● **Directions**
What you give back should be exactly the lines from the one with "Meteoroloji: Yıllık yağışın" through the end of the data, without the pictures.

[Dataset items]
-- Opening Marker --
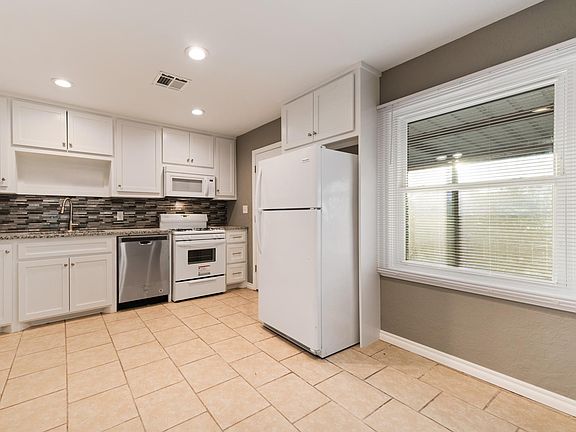 3rd image of 2316 NW 30th St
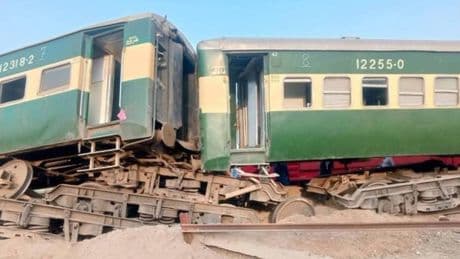 Tren raylardan çıktı: 1 ölü, 24 yaralı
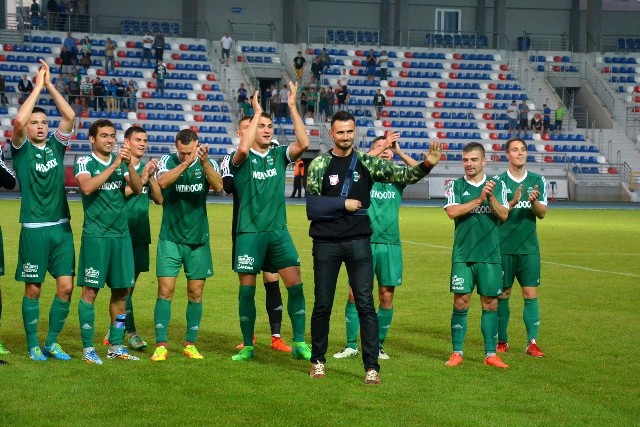 Piotr Banasiak wraz z kolegami z zespołu.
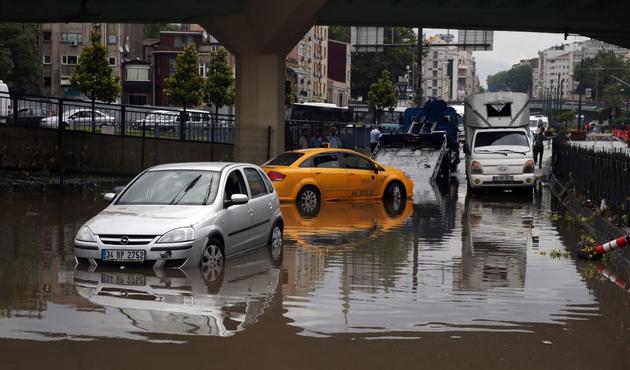 Meteoroloji: Yıllık yağışın 4'te 1'i son 12 saate yağdı!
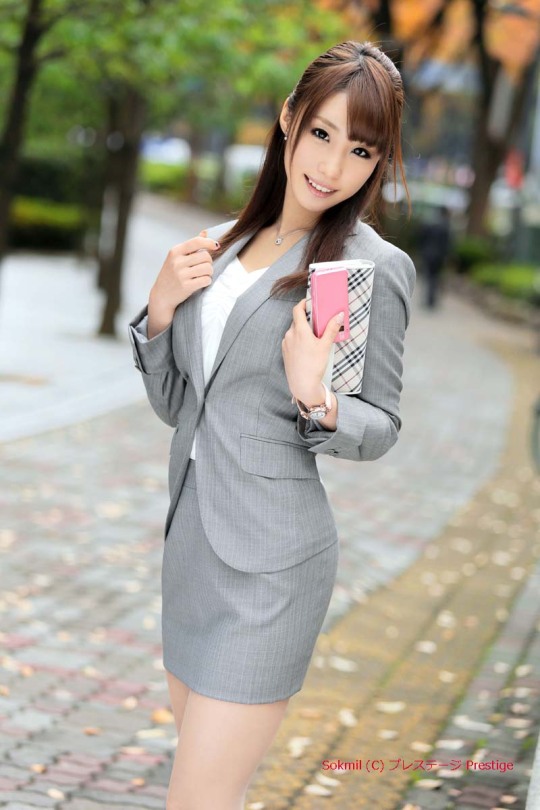 asiangirlsinshortskirt:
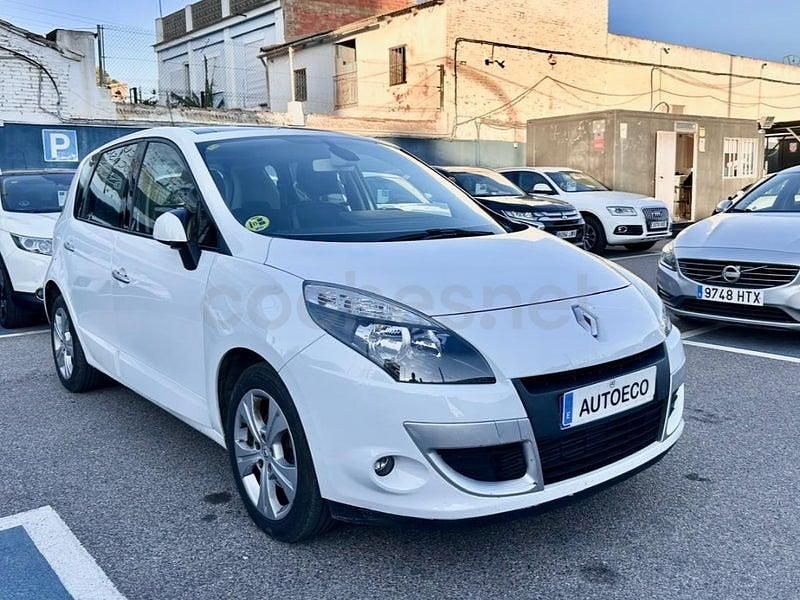 Usado Renault Scénic III Dynamique 130 CV (95 kW) 2012 Blanco Monovolumen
-- Closing Marker --
● **Response**
 Meteoroloji: Yıllık yağışın 4'te 1'i son 12 saate yağdı!
 asiangirlsinshortskirt:
 Usado Renault Scénic III Dynamique 130 CV (95 kW) 2012 Blanco Monovolumen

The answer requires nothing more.